A Need for the Right People for the Wrong Occasion


Tom Scott's tribute to long-serving New Zealand political journalist
Ian Templeton (1929-) on Templeton's retirement.
New Zealand is in the news for all the wrong reasons today, but one can have some confidence the tragic mosque shootings in Christchurch will be covered by New Zealand’s Press, in the main, with considerable accuracy, balance and sensitivity. The same may not be said for Australia, or for the United States for that matter. In both countries Murdoch employees have completely discarded their codes of ethics and straight news reporting has been allowed to meld into personal, usually poisonous opinion pieces. Newspapers can no longer be trusted to publish the truth in Australia, but I believe many still can be in New Zealand.
There can’t be many countries in which Press freedoms and onuses are so fearlessly, learnedly and vigorously discussed as they are in New Zealand, where an online journalism forum reveals there’s still lingering pride and vibrancy in pursuing the truth in this once great profession.
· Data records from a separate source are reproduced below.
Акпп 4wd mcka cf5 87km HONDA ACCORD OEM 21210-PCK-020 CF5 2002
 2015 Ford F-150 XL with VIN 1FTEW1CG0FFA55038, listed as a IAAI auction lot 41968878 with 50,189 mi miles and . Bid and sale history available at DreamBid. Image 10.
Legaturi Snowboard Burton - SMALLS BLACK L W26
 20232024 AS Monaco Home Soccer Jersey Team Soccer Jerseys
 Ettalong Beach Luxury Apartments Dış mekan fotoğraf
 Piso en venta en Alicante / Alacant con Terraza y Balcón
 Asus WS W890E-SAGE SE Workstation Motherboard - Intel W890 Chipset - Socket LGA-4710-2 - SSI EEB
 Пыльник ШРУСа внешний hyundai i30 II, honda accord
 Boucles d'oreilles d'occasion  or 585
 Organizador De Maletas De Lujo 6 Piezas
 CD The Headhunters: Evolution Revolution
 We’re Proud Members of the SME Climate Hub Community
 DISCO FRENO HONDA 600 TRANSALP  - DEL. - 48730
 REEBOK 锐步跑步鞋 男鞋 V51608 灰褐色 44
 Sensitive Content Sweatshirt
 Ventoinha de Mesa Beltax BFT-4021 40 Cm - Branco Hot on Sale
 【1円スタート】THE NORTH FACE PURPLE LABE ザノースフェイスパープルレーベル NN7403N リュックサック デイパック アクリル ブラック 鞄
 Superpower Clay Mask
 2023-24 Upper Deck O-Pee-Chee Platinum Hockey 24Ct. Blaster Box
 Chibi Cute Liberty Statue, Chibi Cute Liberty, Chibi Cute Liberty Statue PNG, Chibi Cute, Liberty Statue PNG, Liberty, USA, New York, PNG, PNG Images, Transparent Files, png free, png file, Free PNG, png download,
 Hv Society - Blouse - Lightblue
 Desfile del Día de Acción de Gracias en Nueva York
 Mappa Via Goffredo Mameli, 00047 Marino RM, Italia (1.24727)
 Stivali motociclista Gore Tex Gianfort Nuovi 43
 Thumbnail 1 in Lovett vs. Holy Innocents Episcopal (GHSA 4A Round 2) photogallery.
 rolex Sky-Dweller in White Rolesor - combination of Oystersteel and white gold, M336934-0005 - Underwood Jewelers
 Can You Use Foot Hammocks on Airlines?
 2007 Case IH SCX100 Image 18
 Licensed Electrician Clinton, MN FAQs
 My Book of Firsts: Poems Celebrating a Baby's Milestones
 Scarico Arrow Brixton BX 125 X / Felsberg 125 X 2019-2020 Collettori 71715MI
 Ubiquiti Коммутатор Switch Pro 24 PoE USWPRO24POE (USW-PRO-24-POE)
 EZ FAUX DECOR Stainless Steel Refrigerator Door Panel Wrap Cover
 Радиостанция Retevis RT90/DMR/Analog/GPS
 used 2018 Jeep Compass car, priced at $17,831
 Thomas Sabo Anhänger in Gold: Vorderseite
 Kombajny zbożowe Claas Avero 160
New Zealand-trained journalists have always been highly valued in the English-speaking world, and that tradition may well survive for a few more years yet.
        New Zealand also has an honourable history in producing outstanding political cartoonists, the most notable of whom was Sir David Alexander Cecil Low (1891-1963), who had his first political cartoon published in the Canterbury Spectator in 1902, when he was 11. Eventually he was employed by London’s Evening Standard and his World War II cartoons were sufficiently effective for Low to be included the Hitler’s Black Book. Low also created the Colonel Blimp character. Another Kiwi cartoonist, Will Hope, worked for the New York World between the world wars.
        Low’s baton was taken up in the 1970s by London-born Thomas Joseph Scott (1947-), a man who stood tall in both sectors – column writing  and cartooning (he was also a brilliant political satirist). Tom Scott, who this month left newspaper cartooning to concentrate on researching and writing a book on New Zealand’s VC and Bar winner Charles Upham, said that when he got his start in political journalism, “I didn't own a typewriter or anything!”
        Scott’s family emigrated to New Zealand in 1949 – his father was from Northern Irish Catholic stock and his mother a Protestant, so Scott had quite a volatile upbringing.
Scott co-wrote the screenplay for the animated feature Footrot Flats: The Dog's Tale with Footrot Flats cartoon creator, former Junior All Black Murray Ball. The two were close friends for many years, until Ball passed away just over two years ago, on March 12, 2017. Ball’s death was a great loss to all those who cherished his wonderful comic strip, his gift for down-to-earth humour and his warts-and-all writing.  Making this all the worse, another New Zealand comic genius, fellow satirist John Clarke, passed away less than a month later. Like Ball, Clarke was very close to Scott; all three spent their early years in the Manawatu province of New Zealand. Now only the great Scott survives. Long may he live!